*STUDY MATERIAL*.
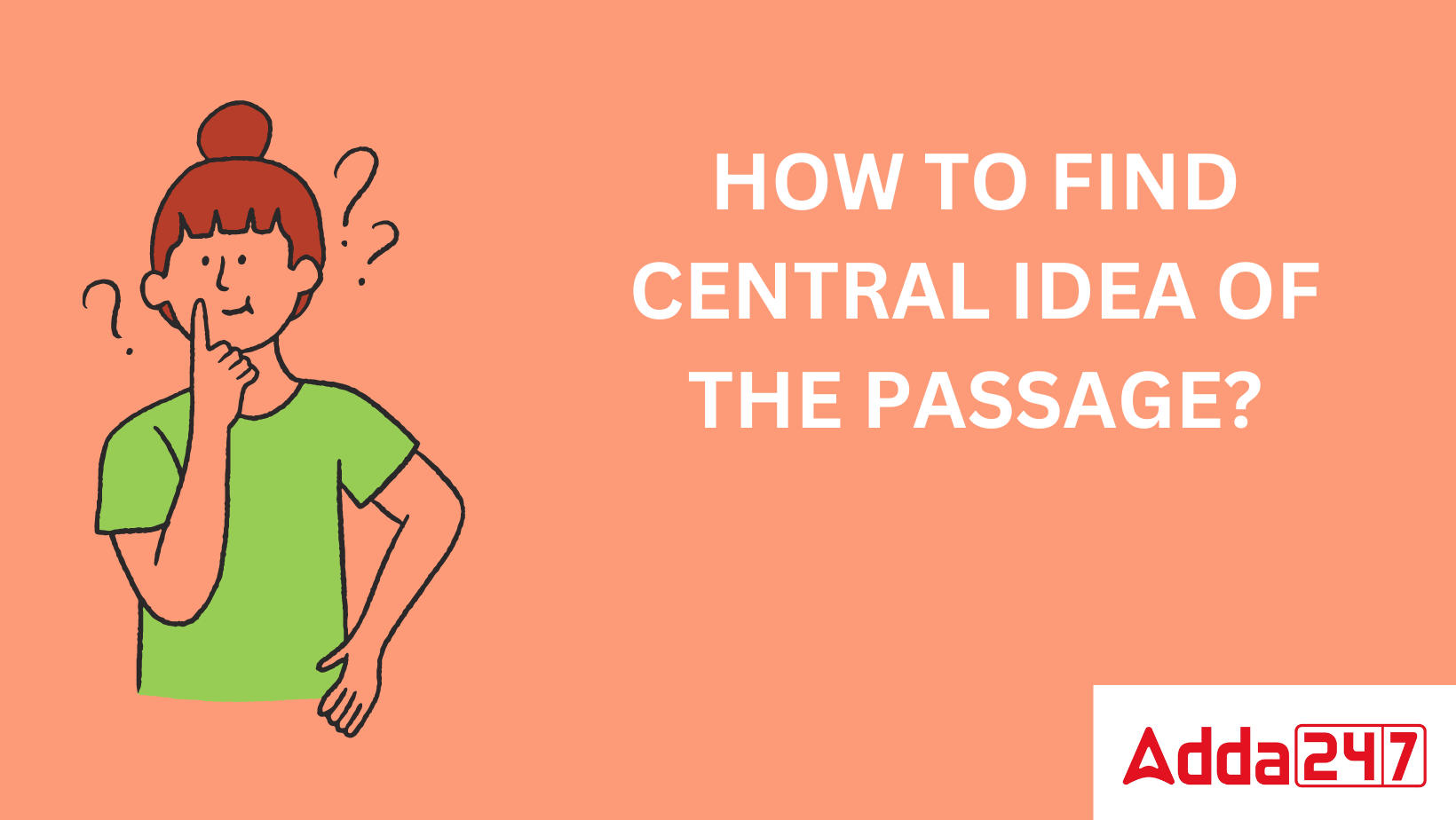 HOW TO FIND CENTRAL IDEA OF THE PASSAGE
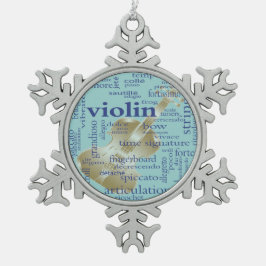 Ornamento De Estanho Floco De Neve Violin Words Snowflake Ornament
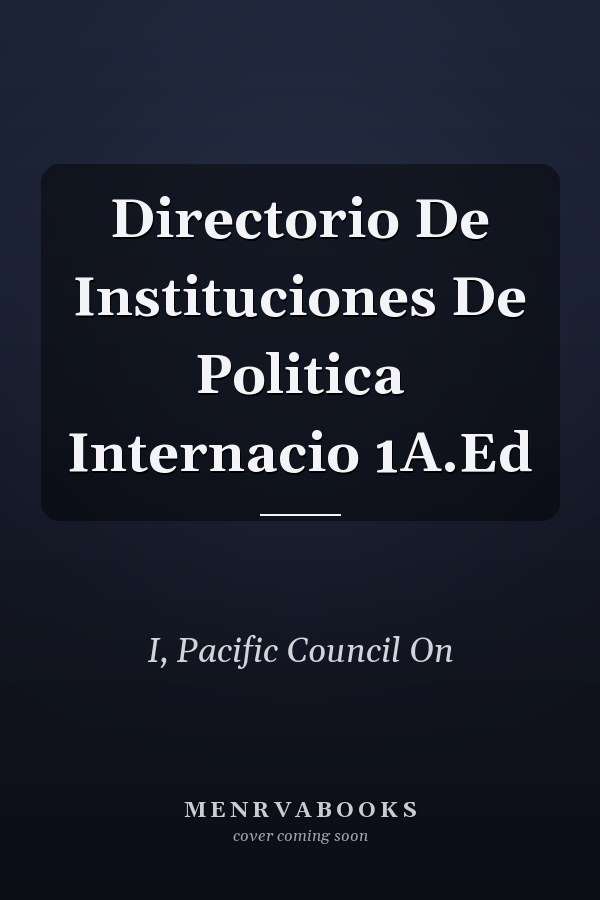 Directorio De Instituciones De Politica Internacio 1A.Ed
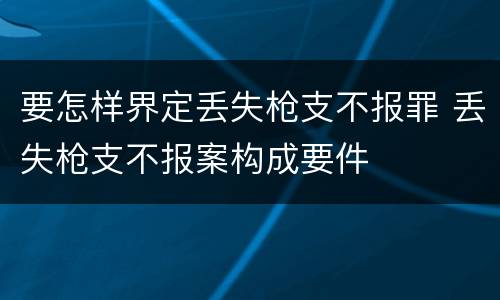 要怎样界定丢失枪支不报罪 丢失枪支不报案构成要件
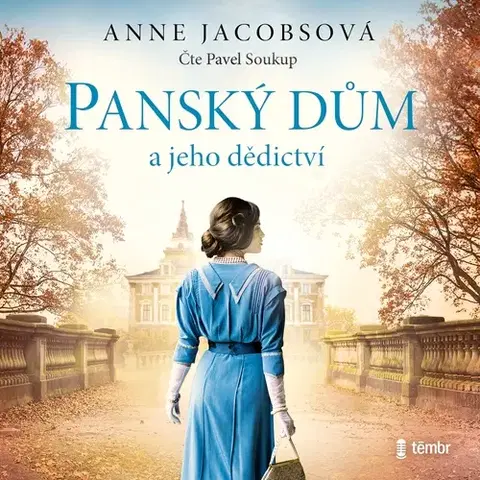 Beletria - ostatné Témbr Panský dům a jeho dědictví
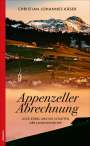 Christian Johannes Käser: Appenzeller Abrechnung, Buch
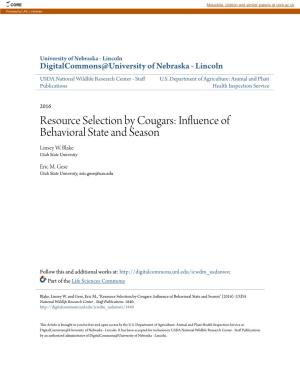 Resource Selection by Cougars: Influence of Behavioral State and Season Linsey W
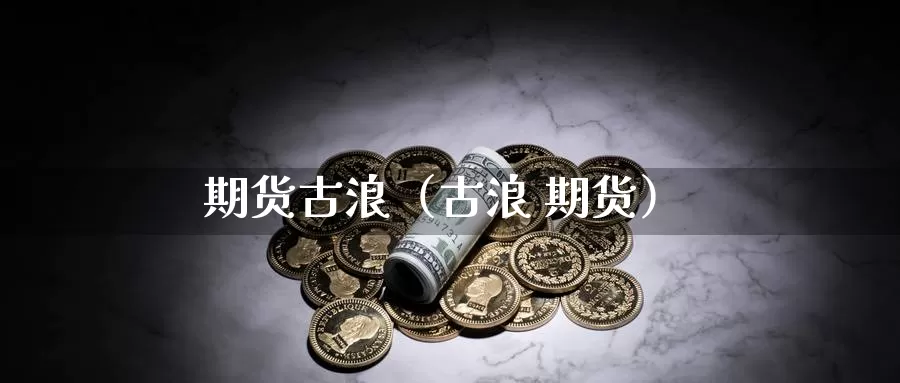 期货古浪（古浪 期货）_https://www.gzguangze.com_黄金期货_第1张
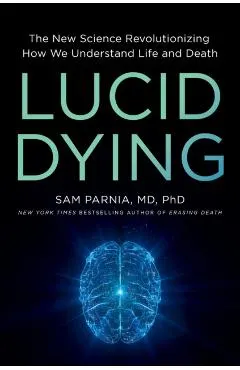 Lucid Dying: The New Science Revolutionizing How We Understand Life and Death
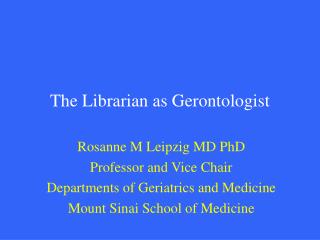 The Librarian as Gerontologist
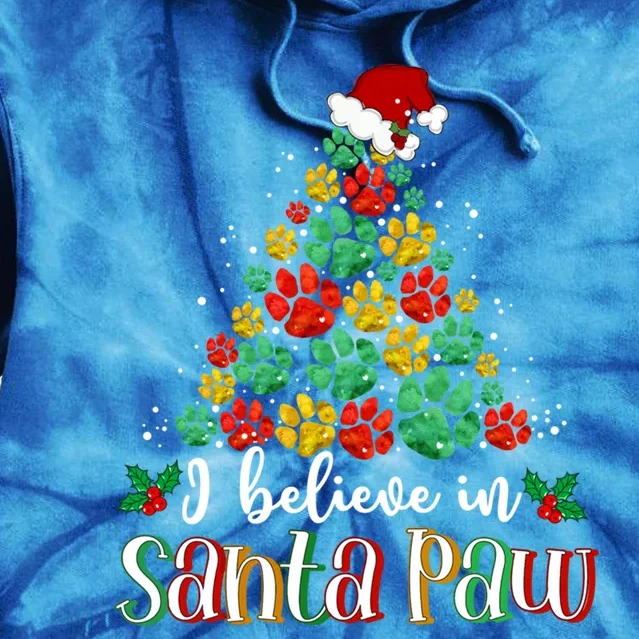 I Believe In Santa Paw Dog Funny Chrismas Tree Funny Gift Tie Dye Hoodie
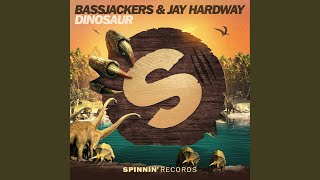 Dinosaur - Bassjackers, Jay Hardway
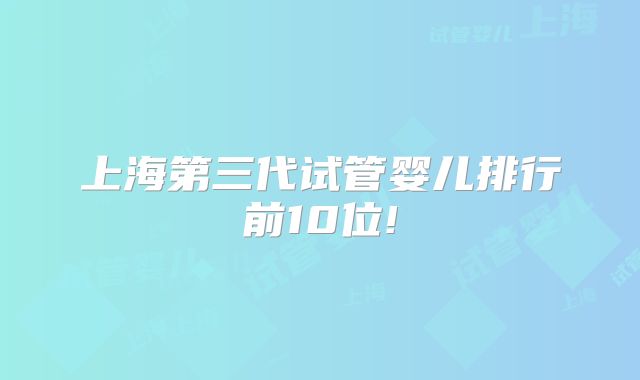 上海第三代试管婴儿排行前10位!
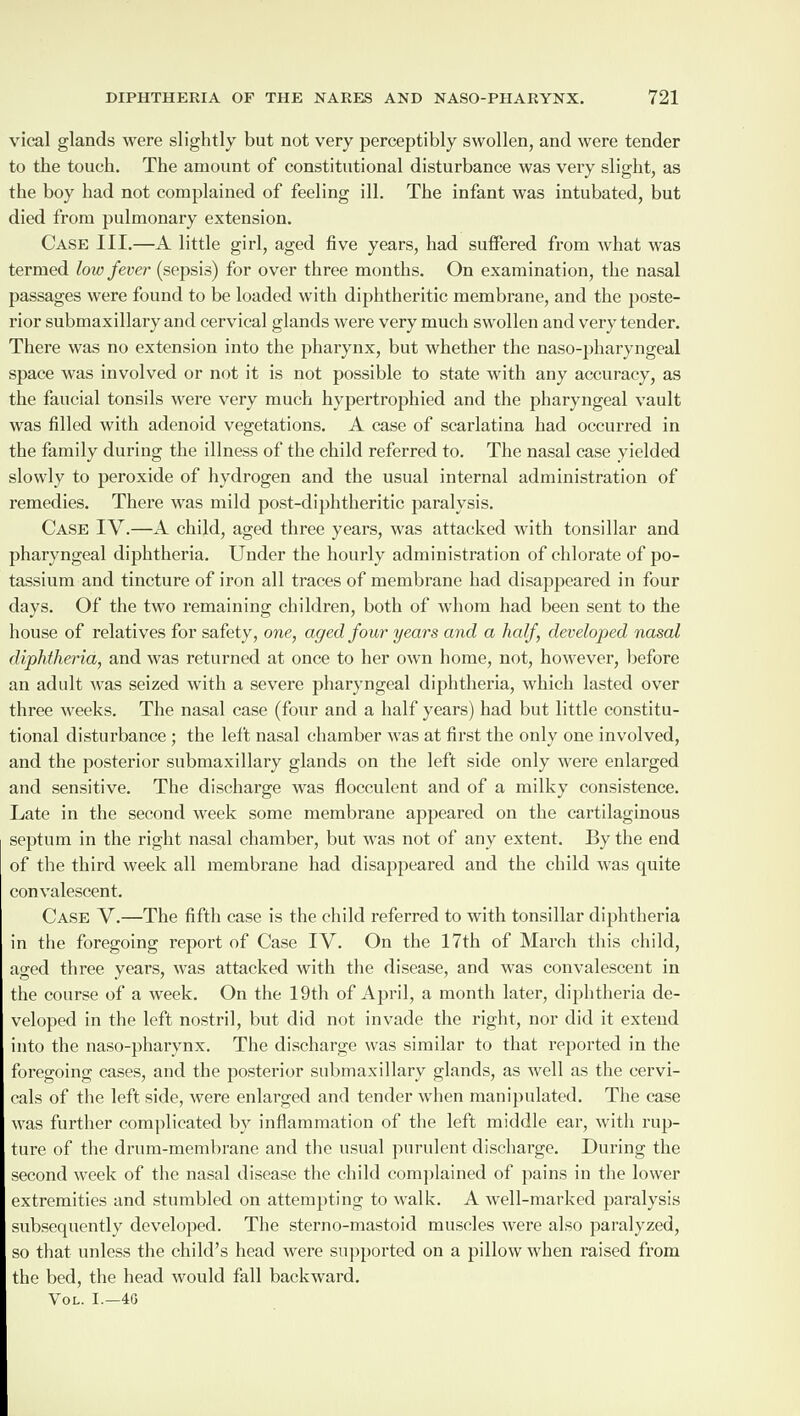 vical glands were slightly but not very perceptibly swollen, and were tender to the touch. The amount of constitutional disturbance was very slight, as the boy had not complained of feeling ill. The infant was intubated, but died from pulmonary extension. Case III.—A little girl, aged five years, had suffered from what was termed low fever (sepsis) for over three months. On examination, the nasal passages were found to be loaded with diphtheritic membrane, and the poste¬ rior submaxillary and cervical glands were very much swollen and very tender. There was no extension into the pharynx, but whether the naso-pharyngeal space was involved or not it is not possible to state with any accuracy, as the faucial tonsils were very much hypertrophied and the pharyngeal vault was filled with adenoid vegetations. A case of scarlatina had occurred in the family during the illness of the child referred to. The nasal case yielded slowly to peroxide of hydrogen and the usual internal administration of remedies. There was mild post-diphtheritic paralysis. Case IV.—A child, aged three years, was attacked with tonsillar and pharyngeal diphtheria. Under the hourly administration of chlorate of po¬ tassium and tincture of iron all traces of membrane had disappeared in four days. Of the two remaining children, both of whom had been sent to the house of relatives for safety, one, aged four years and a half, developed nasal diphtheria, and was returned at once to her own home, not, however, before an adult was seized with a severe pharyngeal diphtheria, which lasted over three weeks. The nasal case (four and a half years) had but little constitu¬ tional disturbance ; the left nasal chamber was at first the only one involved, and the posterior submaxillary glands on the left side only were enlarged and sensitive. The discharge was flocculent and of a milky consistence. Late in the second week some membrane appeared on the cartilaginous septum in the right nasal chamber, but was not of any extent. By the end of the third week all membrane had disappeared and the child was quite convalescent. Case V.—The fifth case is the child referred to with tonsillar diphtheria in the foregoing report of Case IV. On the 17th of March this child, aged three years, was attacked with the disease, and was convalescent in the course of a week. On the 19th of April, a month later, diphtheria de¬ veloped in the left nostril, but did not invade the right, nor did it extend into the naso-pharynx. The discharge was similar to that reported in the foregoing cases, and the posterior submaxillary glands, as well as the cervi- cals of the left side, were enlarged and tender when manipulated. The case was further complicated bv inflammation of the left middle ear, with rup¬ ture of the drum-membrane and the usual purulent discharge. During the second week of the nasal disease the child complained of pains in the lower extremities and stumbled on attempting to walk. A well-marked paralysis subsequently developed. The sterno-mastoid muscles were also paralyzed, so that unless the child’s head were supported on a pillow when raised from the bed, the head would fall backward. Vol. I.—40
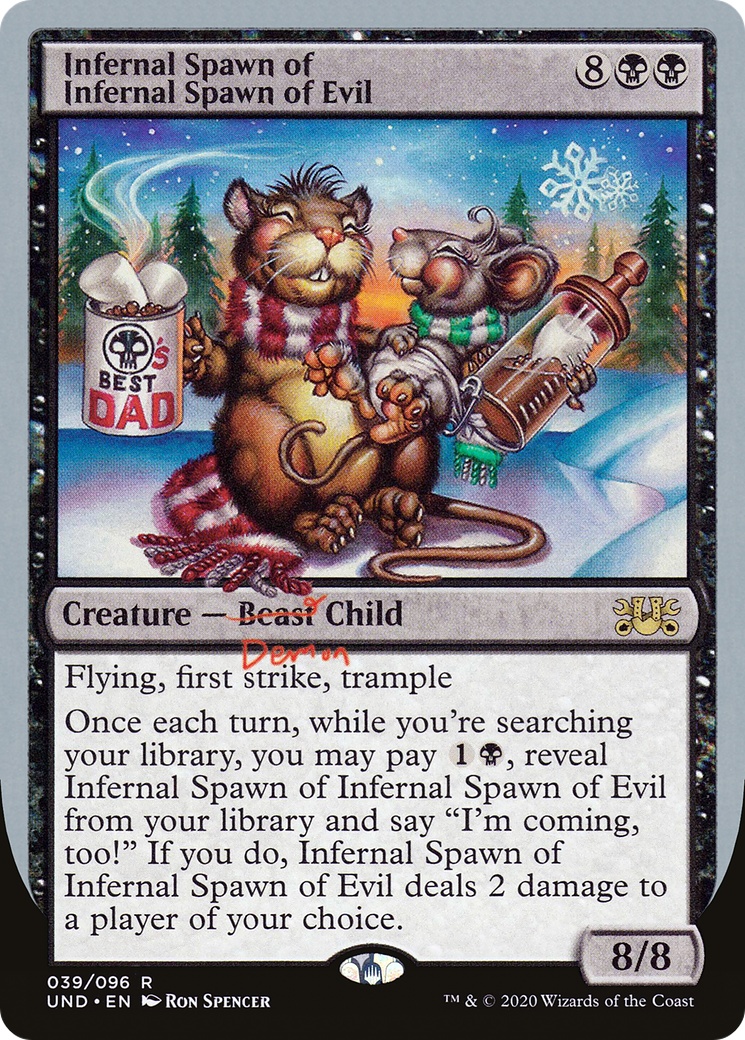 Image of Infernal Spawn of Infernal Spawn of Evil (UND-039) - Unsanctioned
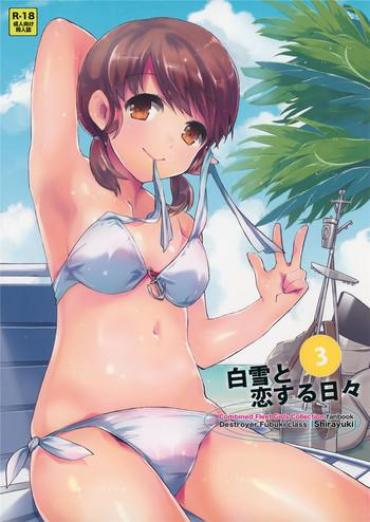 Big Penis Shirayuki To Koi Suru Hibi 3- Kantai Collection Hentai Drunk Girl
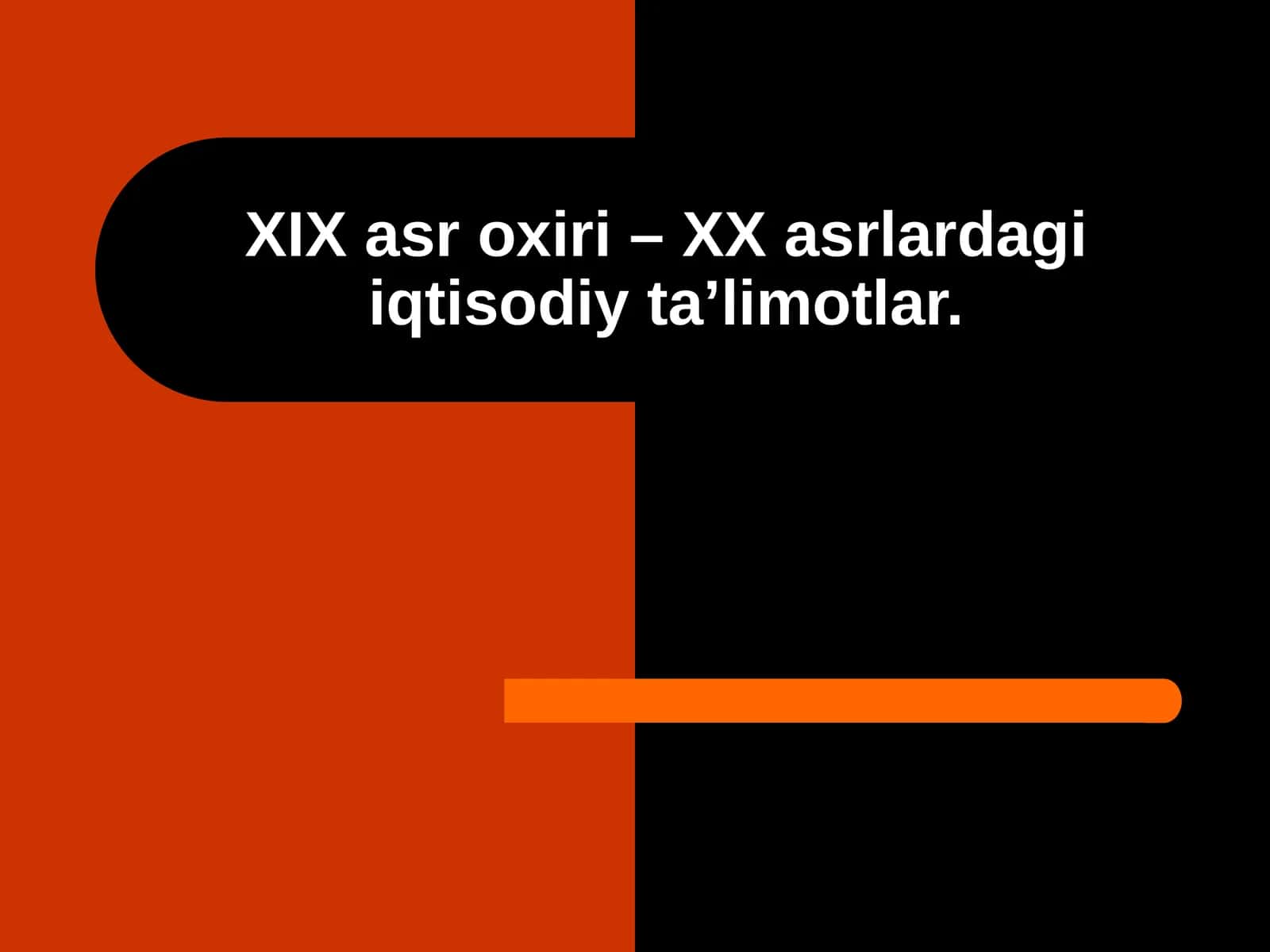 Xin asr oxiri - XX asrlardagi iqtisodiy ta'limotlar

*WORK INSTRUCTION*. Each record above is to be copied out exactly; its pictures are not.

*ANSWER SPACE*.
 HOW TO FIND CENTRAL IDEA OF THE PASSAGE
 Ornamento De Estanho Floco De Neve Violin Words Snowflake Ornament
 Directorio De Instituciones De Politica Internacio 1A.Ed
 要怎样界定丢失枪支不报罪 丢失枪支不报案构成要件
 Beletria - ostatné Témbr Panský dům a jeho dědictví
 Christian Johannes Käser: Appenzeller Abrechnung, Buch
 Resource Selection by Cougars: Influence of Behavioral State and Season Linsey W
 期货古浪（古浪 期货）_https://www.gzguangze.com_黄金期货_第1张
 Lucid Dying: The New Science Revolutionizing How We Understand Life and Death
 The Librarian as Gerontologist
 I Believe In Santa Paw Dog Funny Chrismas Tree Funny Gift Tie Dye Hoodie
 Dinosaur - Bassjackers, Jay Hardway
 上海第三代试管婴儿排行前10位!
 vical glands were slightly but not very perceptibly swollen, and were tender to the touch. The amount of constitutional disturbance was very slight, as the boy had not complained of feeling ill. The infant was intubated, but died from pulmonary extension. Case III.—A little girl, aged five years, had suffered from what was termed low fever (sepsis) for over three months. On examination, the nasal passages were found to be loaded with diphtheritic membrane, and the poste¬ rior submaxillary and cervical glands were very much swollen and very tender. There was no extension into the pharynx, but whether the naso-pharyngeal space was involved or not it is not possible to state with any accuracy, as the faucial tonsils were very much hypertrophied and the pharyngeal vault was filled with adenoid vegetations. A case of scarlatina had occurred in the family during the illness of the child referred to. The nasal case yielded slowly to peroxide of hydrogen and the usual internal administration of remedies. There was mild post-diphtheritic paralysis. Case IV.—A child, aged three years, was attacked with tonsillar and pharyngeal diphtheria. Under the hourly administration of chlorate of po¬ tassium and tincture of iron all traces of membrane had disappeared in four days. Of the two remaining children, both of whom had been sent to the house of relatives for safety, one, aged four years and a half, developed nasal diphtheria, and was returned at once to her own home, not, however, before an adult was seized with a severe pharyngeal diphtheria, which lasted over three weeks. The nasal case (four and a half years) had but little constitu¬ tional disturbance ; the left nasal chamber was at first the only one involved, and the posterior submaxillary glands on the left side only were enlarged and sensitive. The discharge was flocculent and of a milky consistence. Late in the second week some membrane appeared on the cartilaginous septum in the right nasal chamber, but was not of any extent. By the end of the third week all membrane had disappeared and the child was quite convalescent. Case V.—The fifth case is the child referred to with tonsillar diphtheria in the foregoing report of Case IV. On the 17th of March this child, aged three years, was attacked with the disease, and was convalescent in the course of a week. On the 19th of April, a month later, diphtheria de¬ veloped in the left nostril, but did not invade the right, nor did it extend into the naso-pharynx. The discharge was similar to that reported in the foregoing cases, and the posterior submaxillary glands, as well as the cervi- cals of the left side, were enlarged and tender when manipulated. The case was further complicated bv inflammation of the left middle ear, with rup¬ ture of the drum-membrane and the usual purulent discharge. During the second week of the nasal disease the child complained of pains in the lower extremities and stumbled on attempting to walk. A well-marked paralysis subsequently developed. The sterno-mastoid muscles were also paralyzed, so that unless the child’s head were supported on a pillow when raised from the bed, the head would fall backward. Vol. I.—40
 Image of Infernal Spawn of Infernal Spawn of Evil (UND-039) - Unsanctioned
 Big Penis Shirayuki To Koi Suru Hibi 3- Kantai Collection Hentai Drunk Girl
 Xin asr oxiri - XX asrlardagi iqtisodiy ta'limotlar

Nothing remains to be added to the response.